An American institution. A night of parties, sport and food. A whole lot of food.

And this Budweiser advert.

Don’t get me wrong, I’m happy for Lieutenant Chuck Nadd. He deserved his welcome home. And his friends probably got a lot of free beer. That’s genuinely great. Still, I have a problem with the advert that used him.

Because it speaks to a troubling Super Bowl trend — the appropriation of patriotic service in pursuit of profit.

And be under no illusion, it is a trend. Last year it was Jeep.

But the corporate identity is ultimately beside the point. The real problem here is the manner by which ads like these further decouple American military families from civilian society.

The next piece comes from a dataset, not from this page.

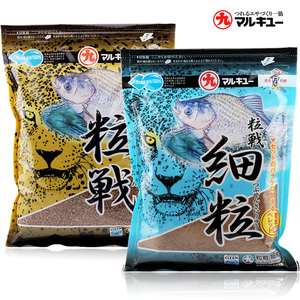 丸九粒战原装日本进口2240鱼饵料竞技海外版350g2234鲫鱼鲤鱼细粒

Watching the Budweiser ad, it’s easy to get carried away and believe that Anheuser-Busch has been unbelievably generous. And in the imagery of parade floats and pomp, they have. But the truth is that for a company as large as theirs, the sums involved were negligible. The gains, however, were exponential. Budweiser already holds a powerful place at the heart of America’s drinking tradition. Nevertheless, by situating its brand in the basking light of returning soldiers, Budweiser’s ad proffers a false narrative for civic virtue — ‘Want to be patriotic?’, it not so quietly asks, ‘then have a Bud.’

And so we have the first disconnect.

Since 9/11, with extraordinary sacrifices, nearly 7,000 American service members have lost their lives in service around the world. Tens of thousands more have suffered injury to body, limb, and brain. Some, like Cory Remsburg, deployed ten times or more.

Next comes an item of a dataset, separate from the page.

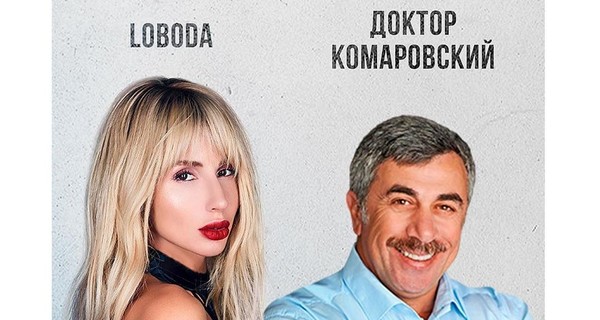 Комаровский проконсультировал Лободу о поддержке иммунитета при коронавирусе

Budweiser, Jeep and co. would have us believe that we can honor that legacy by buying their products. And their implicit offer is a salivating one — patriotism by buying things that benefit our own particular tastes rather than doing things that are hard. After all, it’s easier to drink beer than engage with the realities of contemporary military service. And it’s comforting to feel that, by watching and nodding along to these ads, we’re in some way connecting with those who have served.

Except that the opposite is true.

For many in our society, terms like TBI and PTSD are known but not understood. In similar vein, while many are aware that Veterans services are woefully inadequate, few have any embedded interest in the details of why that’s the case. Or mobilizing a popular movement to fix such problems — they’ve lasted for years now.

It’s easier to drink beer.

Yet this isn’t just about our isolation from the consequences of service in war — it’s about our deeper divorce from war.

When we watch ads that proclaim celebration for the military, the ads tend to begin with the military member’s return home. Again, advertisers are taking the easy option. Fostering consumer comfort is easiest when military service is portrayed at its most heartwarming. The problem, of course, is that the return home represents the culmination of the hard reality and not the reality itself. As a society, our celebration of military service is matched only by our lack of interest in the nature of such service. Whether a soldier, sailor, marine or airman has spent 15 months patrolling a dilapidated Baghdad neighborhood, or a year patrolling IED-infested roads in Helmand, or doing something else in some other far off place, for most Americans, it’s all one and the same. Heroic yes, but out of sight.

Most certainly out of mind.

We’ve allowed ourselves to believe that foreign policy is an issue for those in government to deal with. That we can stick our head in the sand and wave yellow ribbons. Instead of facing up to the complexities of national security — supporting the use force or opposing it — we prefer to chant our support for the troops. And drink Budweiser. And drive Jeeps to the mall and then back home.

We’re deluding ourselves. In the end, those who best support the troops are not those who best make profit from them.

Instead, the real “troop supporters” are those who apply entrepreneurship towards public service.

Those who facilitate a better union between civilian society and veterans.

Those like some good friends of mine, who choose to fundraise.

Those who move to alleviate the disgrace of veteran unemployment.

And while those who drink beer may well be patriots, drinking beer does not a patriot make.